Fig. X. Let AB in the Figure X of the fourth Scheme represent the drop cased over with Icthyocolla or Isinglass, (by being ordered as is before prescribed) crazed or flawed into pieces, but by the skin or case kept in its former figure, and each of its flawed parts preserved exactly in its due posture; the outward appearance of it somewhat plainly to the naked eye, but much more conspicuous if viewed with a small lens appeared much after this shape. That is, the blunt end B for a pretty breadth, namely, as far as the Ring CCC seemed irregularly flawed with divers clefts, which all seemed to tend towards the Center of it, being, as I afterwards found, and shall anon shew in the description of the figure Y, the Basis, as it were, of a Cone, which was terminated a little above the middle of the drop, all the rest of the Surface from CCC to A was flawed with an infinite number of small and parallel Rings, which as they were for the most part very round, so were they very thick and close together, but were not so exactly flaw'd as to make a perfect Ring, but each circular part was by irregular cracks flawed likewise into multitudes of irregular flakes or tiles; and this order was observed likewise the whole length of the neck.

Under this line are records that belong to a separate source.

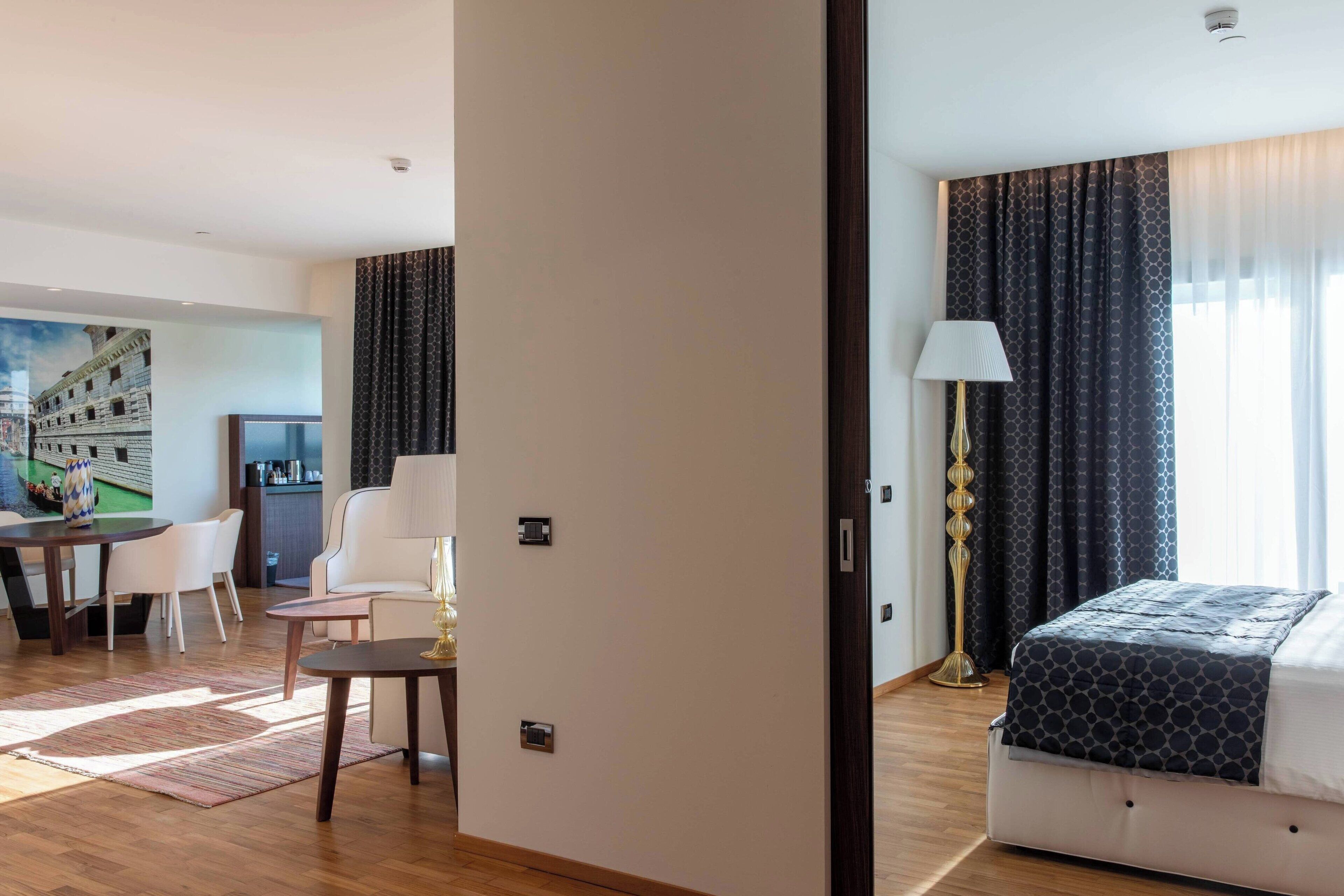 Habitació d'hotel amb llit, escriptori amb cadira, làmpada i un quadre a la paret.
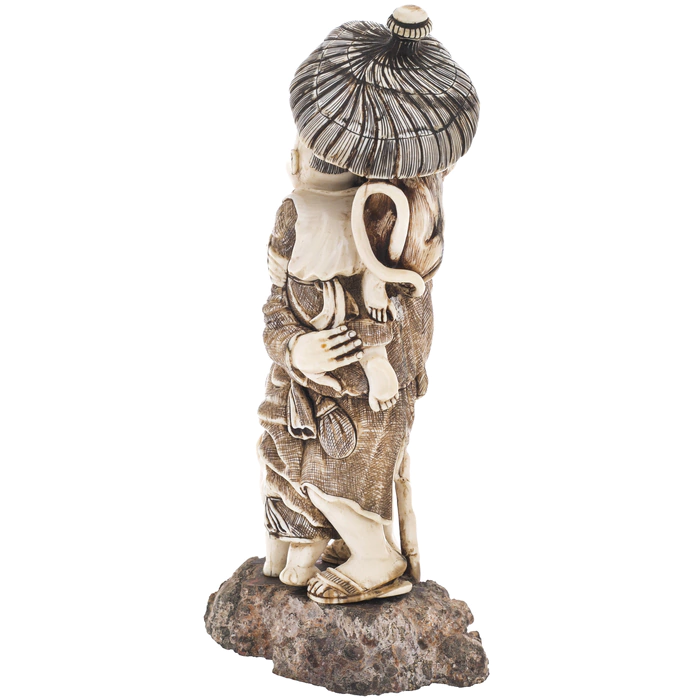 A souvenir from a mammoth tusk "A family with a monkey under an umbrella"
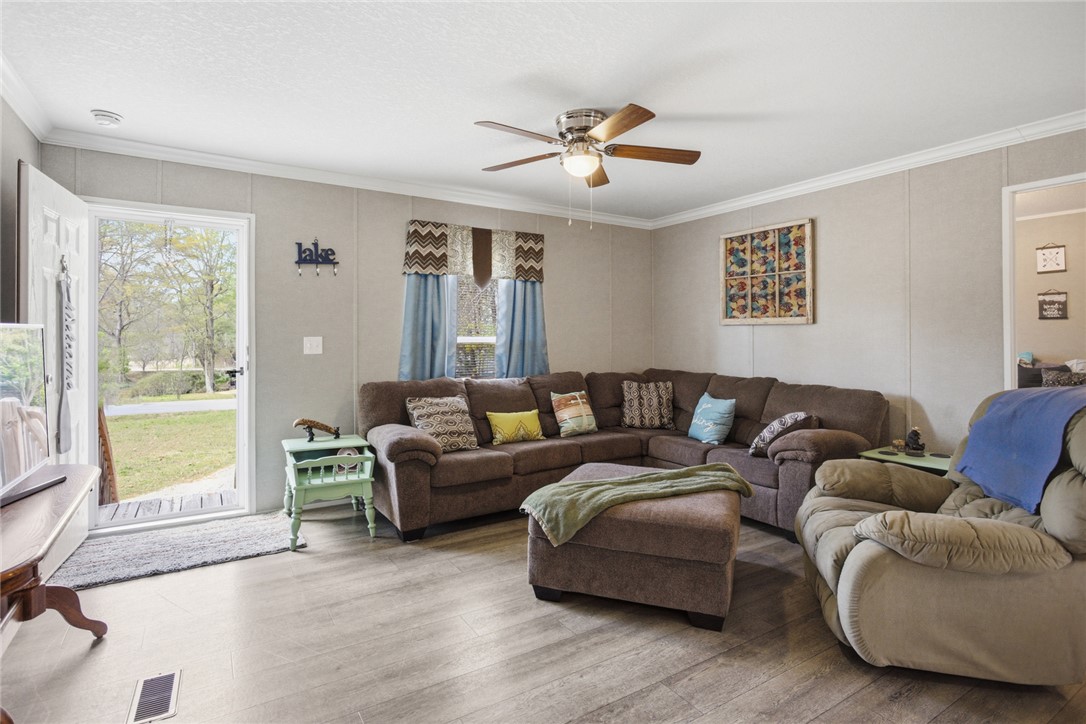 240 Southeast 147 Seneca, SC 29678 - Photo 6 of 27 This inviting living space features warm flooring and natural light.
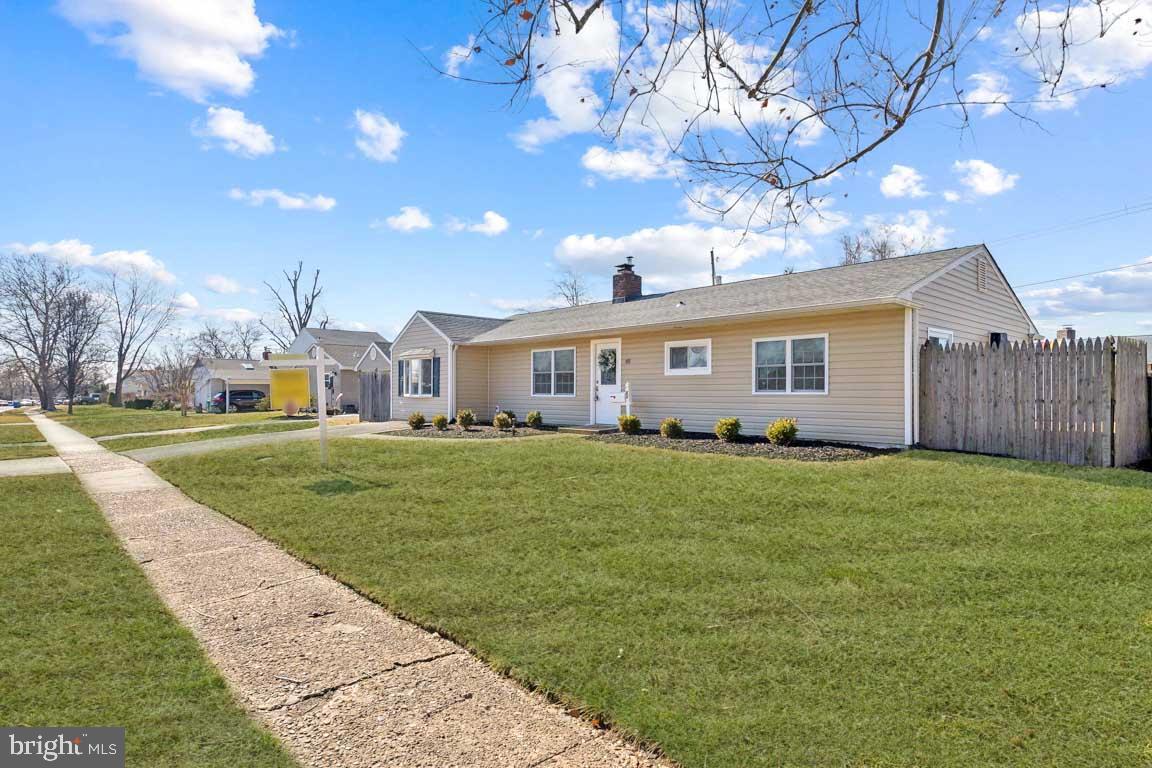 65 Gentle Road Levittown, PA 19057 - Photo 3 of 27 a view of a house with a big yard and a large tree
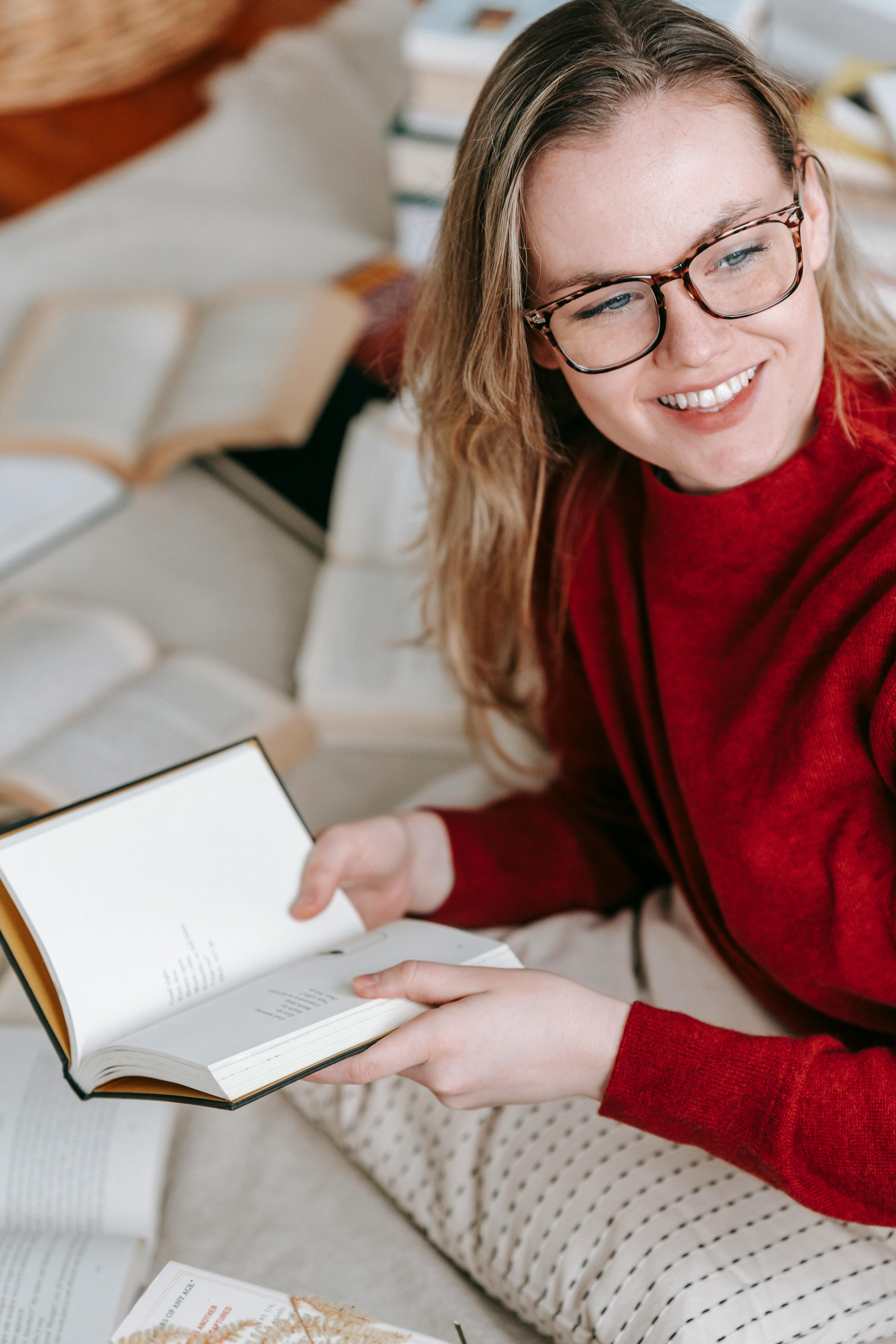 cheerful woman reading book on floor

Now though I could not so exactly cut this conical Body through the Axis, as is represented by the figure Y; yet by anatomizing, as it were, of several, and taking notice of divers particular circumstances, I was informed, that could I have artificially divided a flaw'd drop through the Axis or Center, I should with a Microscope have found it to appear much of this form, where A signifies the Apex, and B the blunt end, CC the Cone of the Basis, which is terminated at T the top or end of it, which seems to be the very middle of the blunt end in which, not only the conical body of the Basis CC is terminated, but as many of the parts of the drop as reach as high as DD.
And it seemed to be the head or beginning of a Pith, as it were, or a part of the body which seemed more spungy then the rest, and much more irregularly flawed, which from T ascended by EE, though less visible, into the small neck towards A. The Grain, as it were, of all the flaws, that proceeds from all the outward Surface ADCCDA, was much the same, as is represented by the black strokes that meet in the middle DT, DT, DE, DE, &c.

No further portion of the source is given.